Tidak lama kemudian saya suda berada dikontrakan kak Simon yang letaknya tidak jauh dari kampus. Benar, Kak simon ada di kontrakan. Ia lagi sendirian di kosanya sambil menonton TV. Biasanya kosannya ramai dengan pengunjung yang lain. Tapi malam ini tidak tampak ramai. Saya bergabung sambil bercerita.

Setelah bosan menonton, saya pamit pulang ke kontrakan. Kira-kira waktu itu sudah jam sebelas malam. Besok masih ada kuliah saya harus kembali tidur agar bisa bangun. 

Sebelum keluar dari kosan, kak simon menanyakan pada saya. 

“Ko ada uang makan tidak?”

Saya Cuma garuk-garuk kepala. Tidak jawab. 

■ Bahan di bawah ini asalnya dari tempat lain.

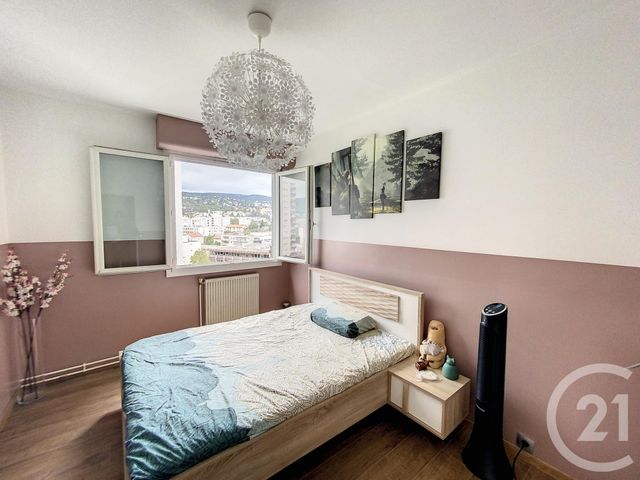 Appartement F4 à louer - 4 pièces - 81.0 m2 - CLERMONT FERRAND - 63 - AUVERGNE - Century 21 Stéphane Roume Immobilier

“ini saya ada sedikit ni. Ko pake tahan-tahan suda.” Katanya lagi sambil memberikan saya dua lembar uang warna biru. Lima puluh ribu rupiah dua lembar. Saya menerimanya dengan senang hati dan hanya bisa bilang terima kasih. Setelah itu saya menuju warung makan yang selalu dibuka selama dua puluh empat jam.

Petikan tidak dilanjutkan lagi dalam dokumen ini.